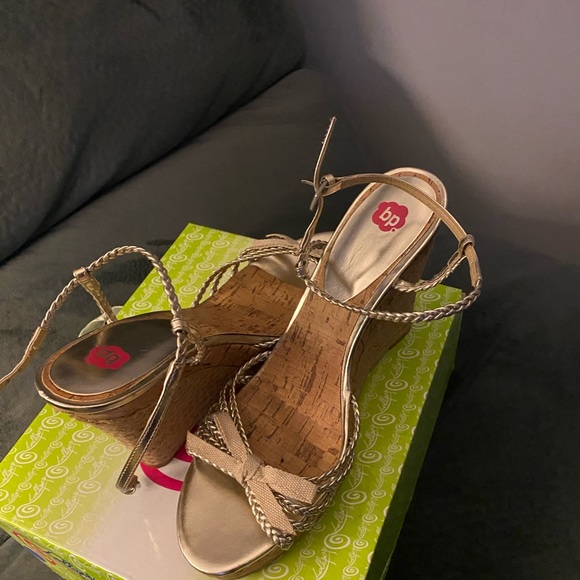 Wedge sandals - Picture 2 of 3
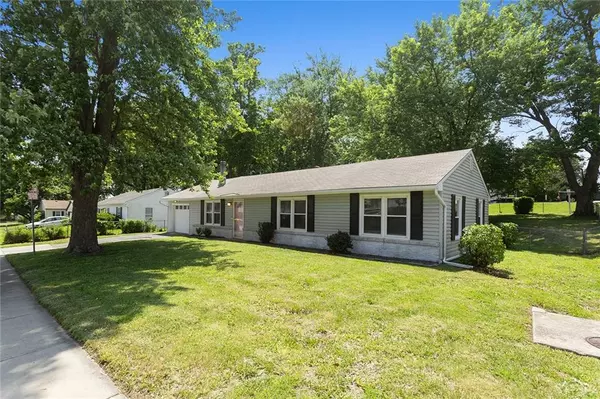 304 Range Line RD, Liberty, MO 64068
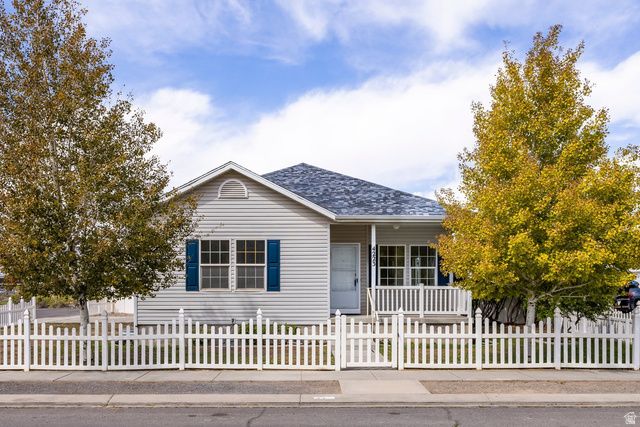 4223 N PINION CIR, Eagle Mountain, UT 84005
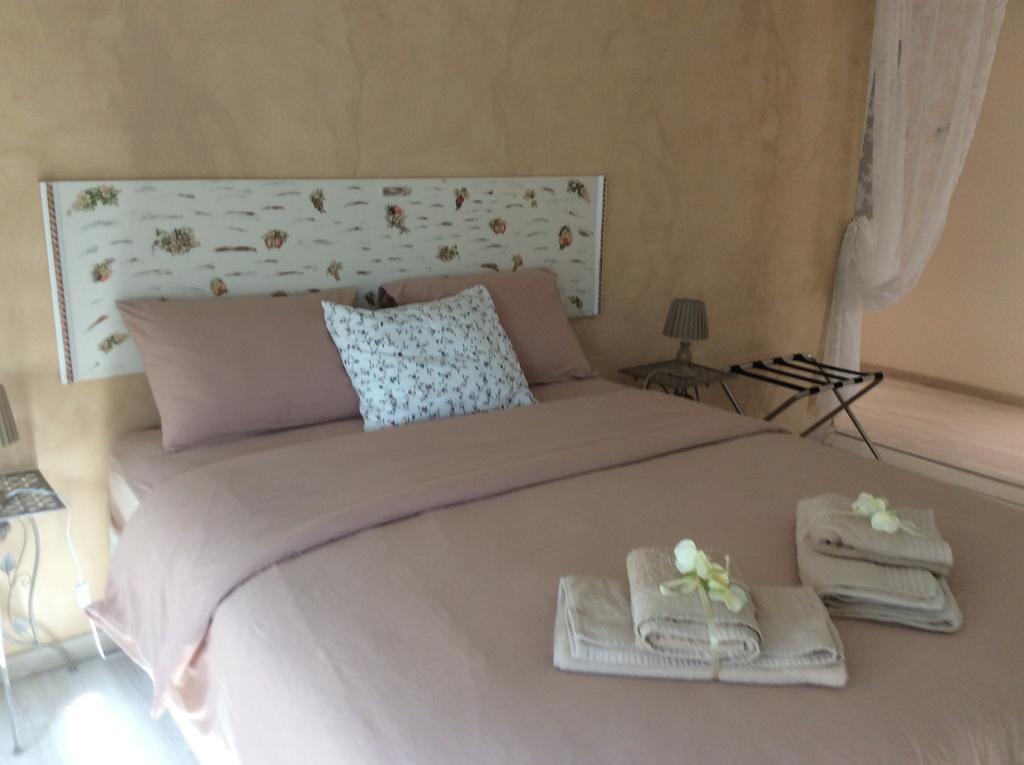 The Central Suites Nicosia Ngoại thất bức ảnh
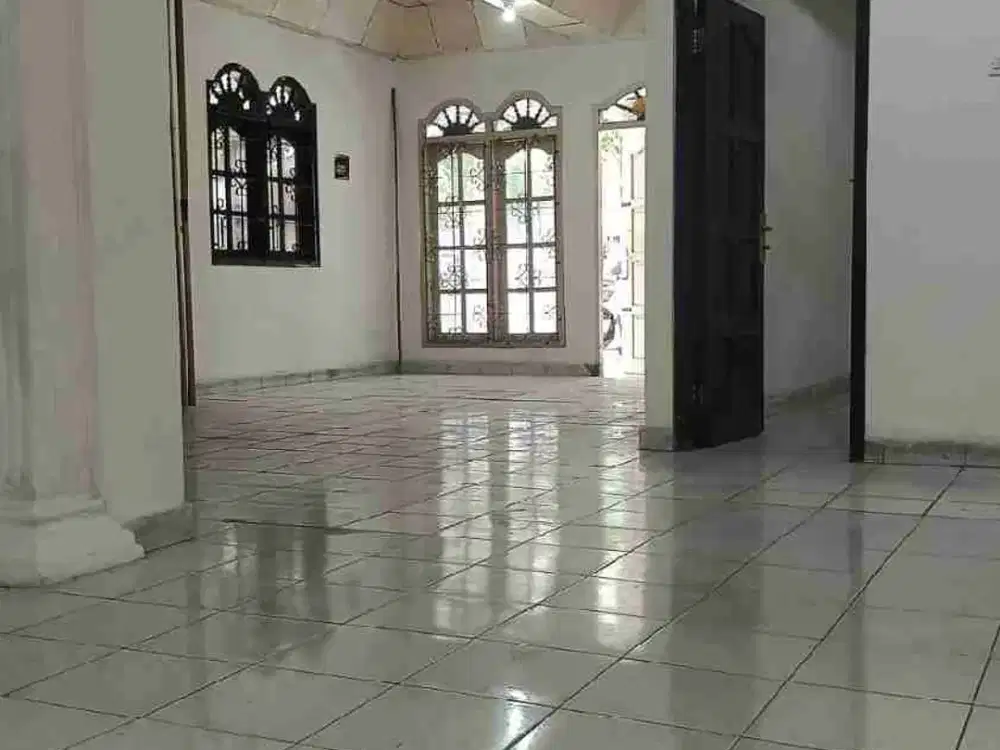 Disewakan atau Dijual Rumah di Pondok Kopi Jakarta Timur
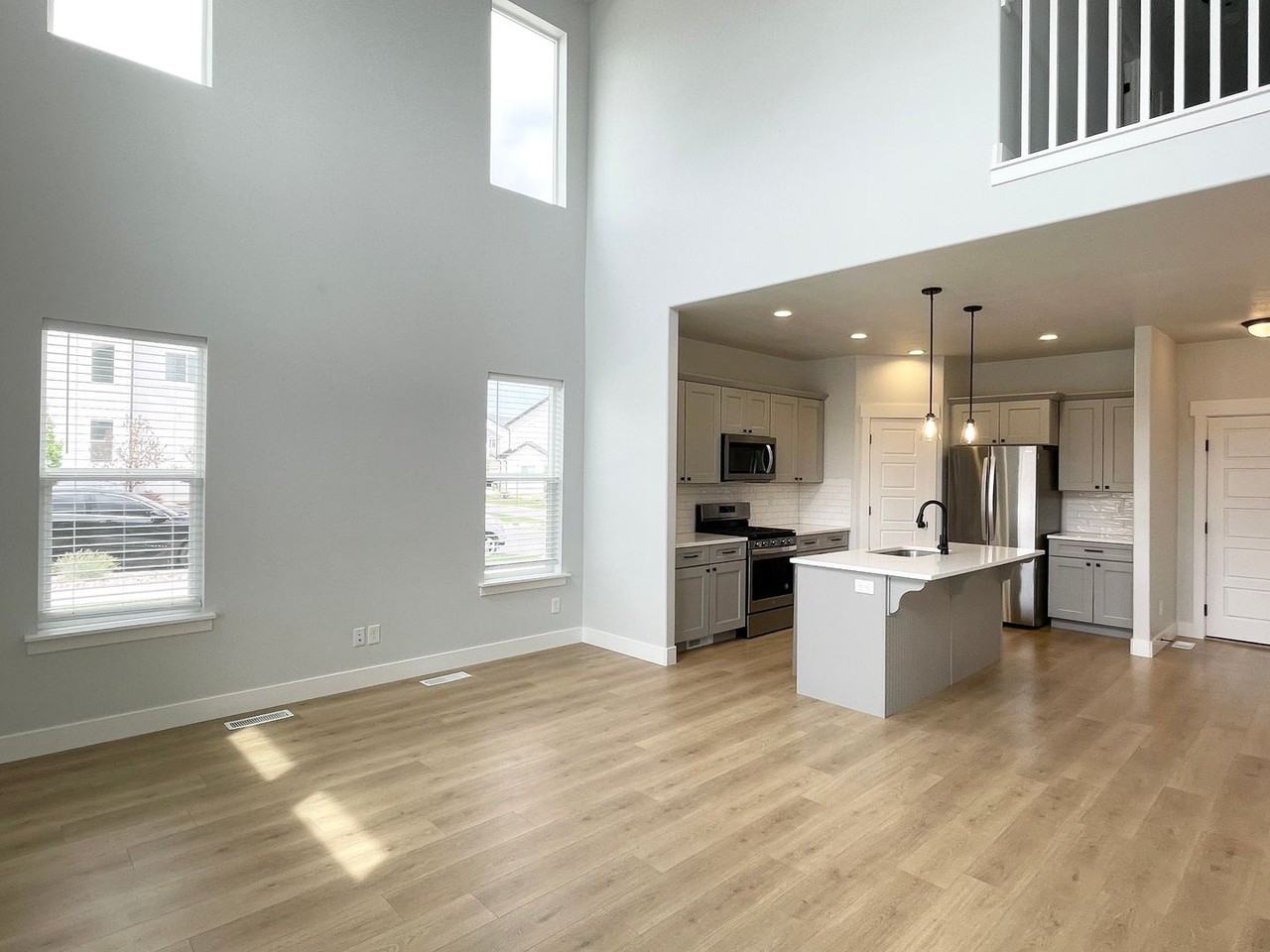 4344 W Rex Peak Way - Photo 3 of 18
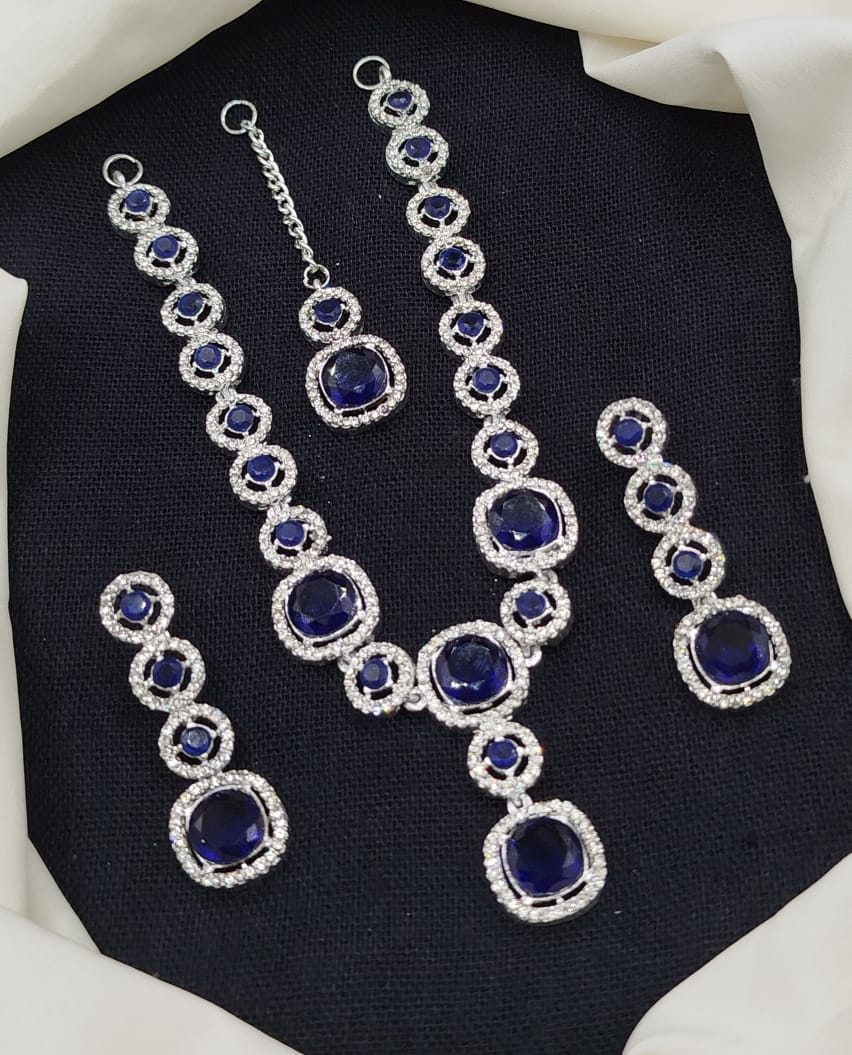 Stylish necklace set
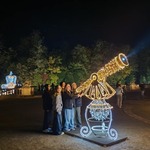 Uczennice stoją przy lunecie iluminacji.jpg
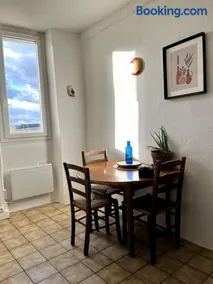 Jolie maison de village au calme avec terrasse - Image 2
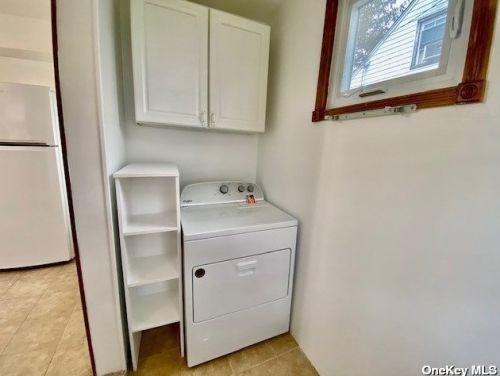 87 Regent St, Valley Stream NY 11580-4029 exterior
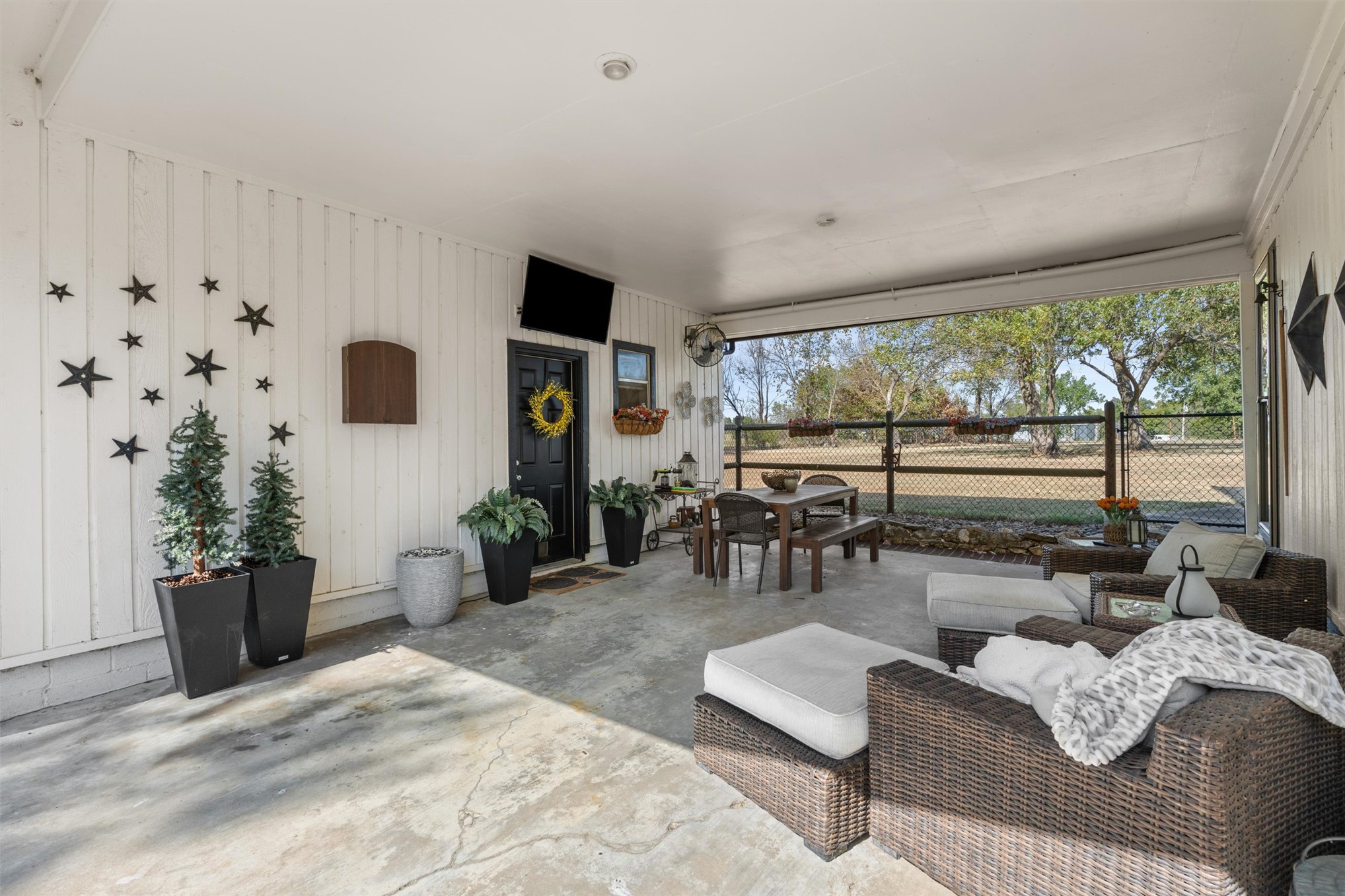 401790 W 4100 Road Property Photo 14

· · · · ·

## What you have to do
An exact copy of the listing is needed, minus its pictures.

## Result of the exercise
 Wedge sandals - Picture 2 of 3
 304 Range Line RD, Liberty, MO 64068
 4223 N PINION CIR, Eagle Mountain, UT 84005
 The Central Suites Nicosia Ngoại thất bức ảnh
 Disewakan atau Dijual Rumah di Pondok Kopi Jakarta Timur
 4344 W Rex Peak Way - Photo 3 of 18
 Stylish necklace set
 Uczennice stoją przy lunecie iluminacji.jpg
 Jolie maison de village au calme avec terrasse - Image 2
 87 Regent St, Valley Stream NY 11580-4029 exterior
 401790 W 4100 Road Property Photo 14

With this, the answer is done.